À l’approche des élections municipales à Paris, la candidate Les Républicains (LR) Rachida Dati fait face à une concurrence accrue et des attaques de ses rivaux. Malgré l’entrée en lice de Sarah Knafo (Reconquête) et les critiques de Pierre-Yves Bournazel (Horizons), Rachida Dati maintient sa stratégie : convaincre les électeurs de la capitale de la nécessité d’une alternance après vingt-cinq ans de gestion socialiste.
L’arrivée de Sarah Knafo dans la course ne semble pas ébranler l’entourage de Rachida Dati. Bien que l’eurodéputée de Reconquête soit perçue comme une nouvelle figure, ses soutiens estiment qu’elle aura des difficultés à atteindre le seuil des 10 % nécessaire pour le second tour. Cependant, si elle y parvient, cela pourrait potentiellement nuire aux chances de Rachida Dati.

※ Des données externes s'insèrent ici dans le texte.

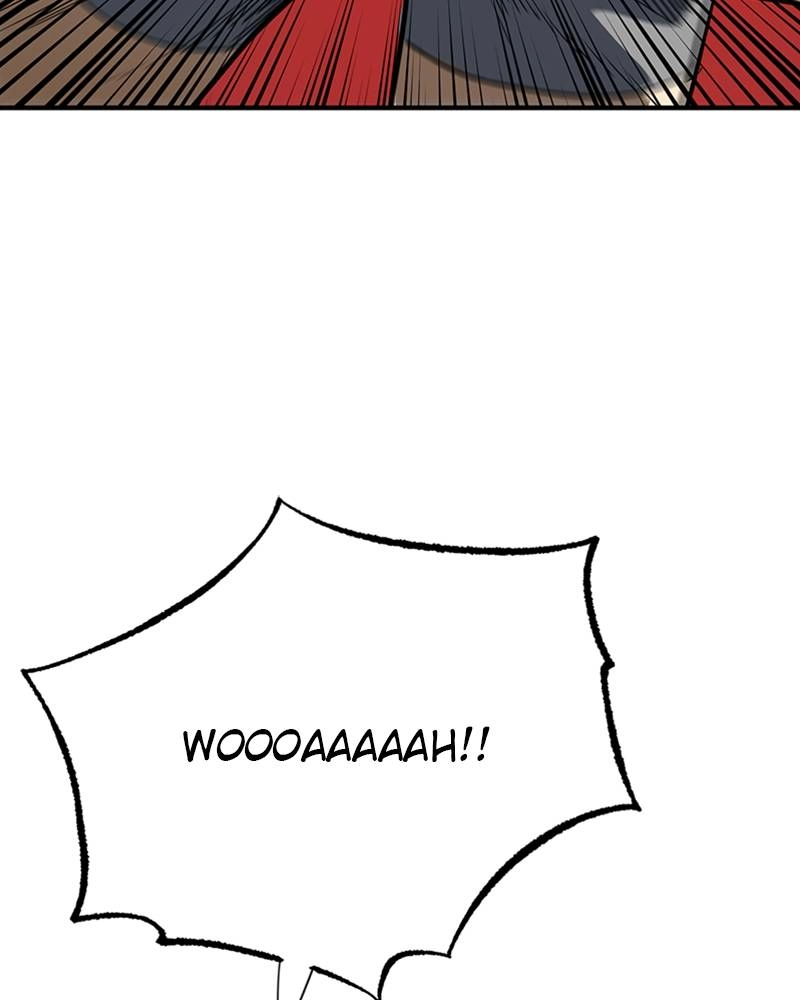 King of the Octagon Chapter 13, page 102 of 123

Parallèlement, Rachida Dati doit également composer avec les attaques de Pierre-Yves Bournazel, représentant de l’alliance Horizons-Renaissance. La candidate LR, forte de son expérience et de sa visibilité médiatique, continue de défendre son programme axé sur la réduction des dépenses de la mairie, le renforcement de la sécurité et la propreté, et la diminution des subventions aux associations.
L’objectif principal de Rachida Dati reste de rallier une majorité de Parisiens autour de son projet, visant à mettre fin à la gouvernance actuelle. La campagne s’intensifie, mais la candidate LR évite les polémiques directes, préférant se concentrer sur son message d’alternance pour la capitale.